━━━━━ SOURCE DATA ━━━━━

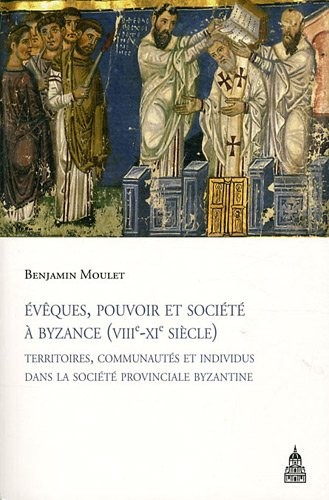 Evêques, pouvoir et société à Byzance (VIIIe-XIe siècle) : Territoires, communautés et individus dans la société provinciale byzantine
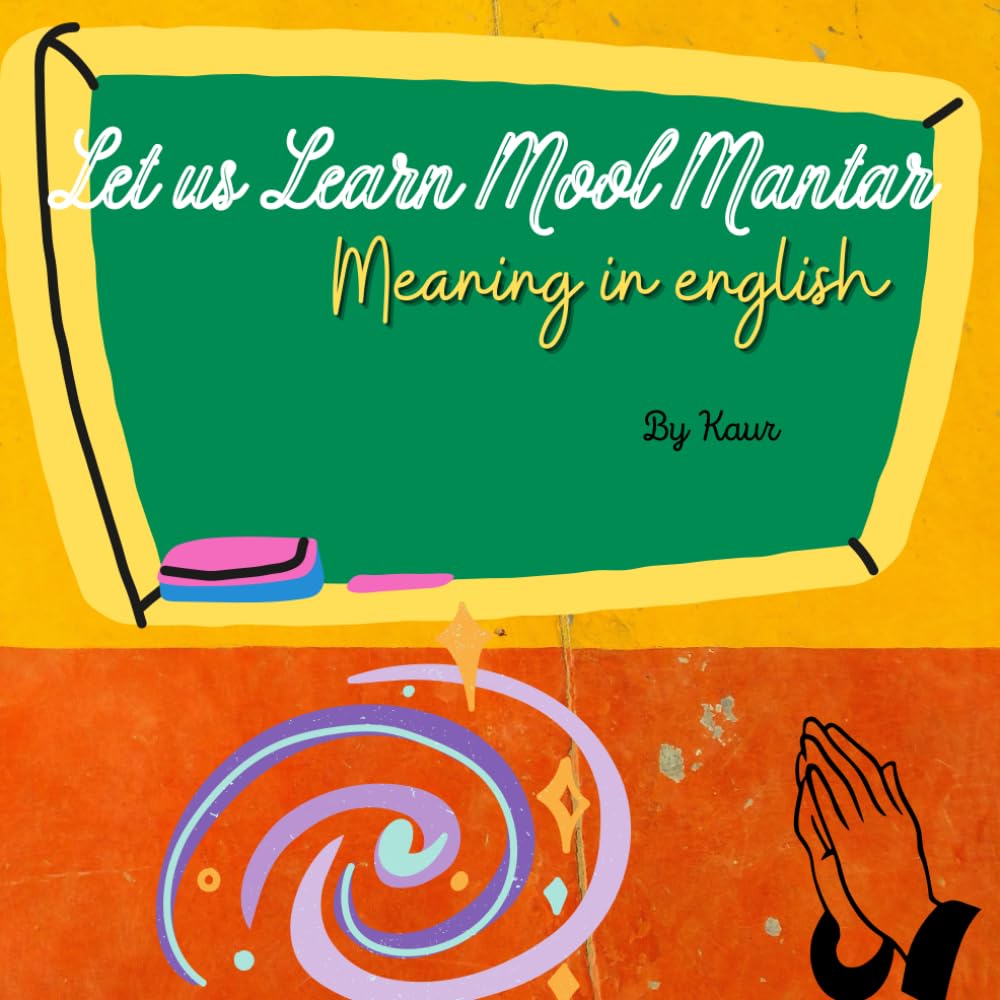 Let Us Learn Mool Mantar: Meaning in English (Spirituality for Kids)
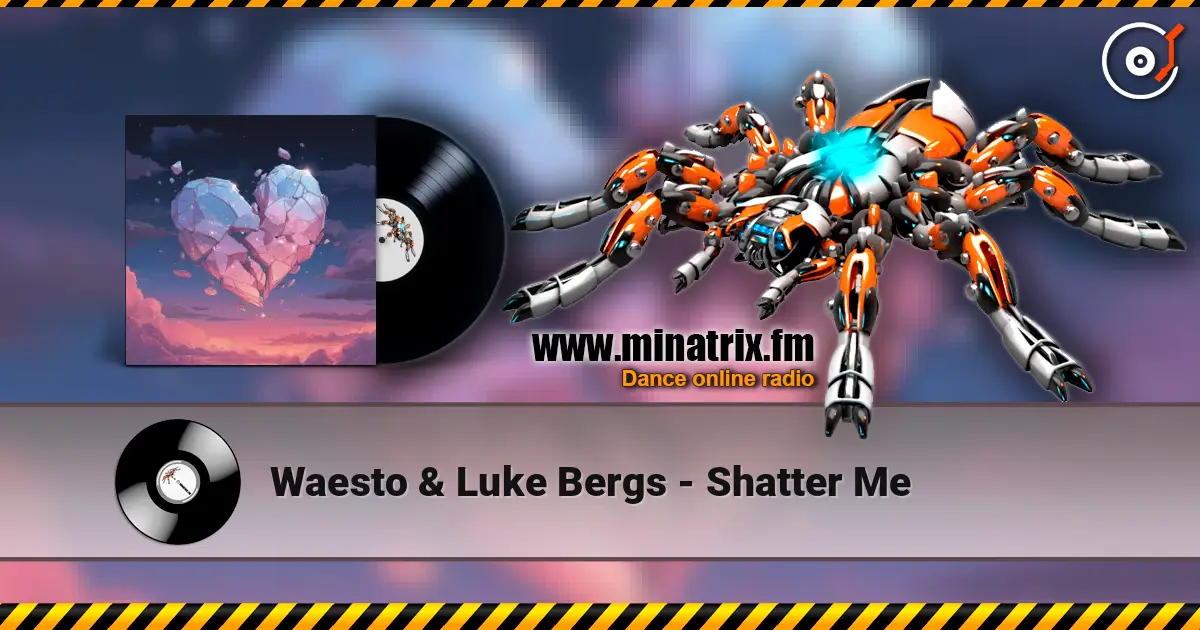 Waesto & Luke Bergs - Shatter Me listen online in high quality | Minatrix.FM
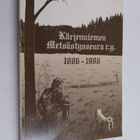 Pentti Virjula : Kärjenniemen metsästysseura ry. 1886-1986 - pikkukuva 1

━━━━━

* WORK TO BE COMPLETED
From the first line of the material to the last, retype everything exactly except the images.

* SOLUTION TO THE EXERCISE
 Evêques, pouvoir et société à Byzance (VIIIe-XIe siècle) : Territoires, communautés et individus dans la société provinciale byzantine
 Let Us Learn Mool Mantar: Meaning in English (Spirituality for Kids)
 Waesto & Luke Bergs - Shatter Me listen online in high quality | Minatrix.FM
 Pentti Virjula : Kärjenniemen metsästysseura ry. 1886-1986 - pikkukuva 1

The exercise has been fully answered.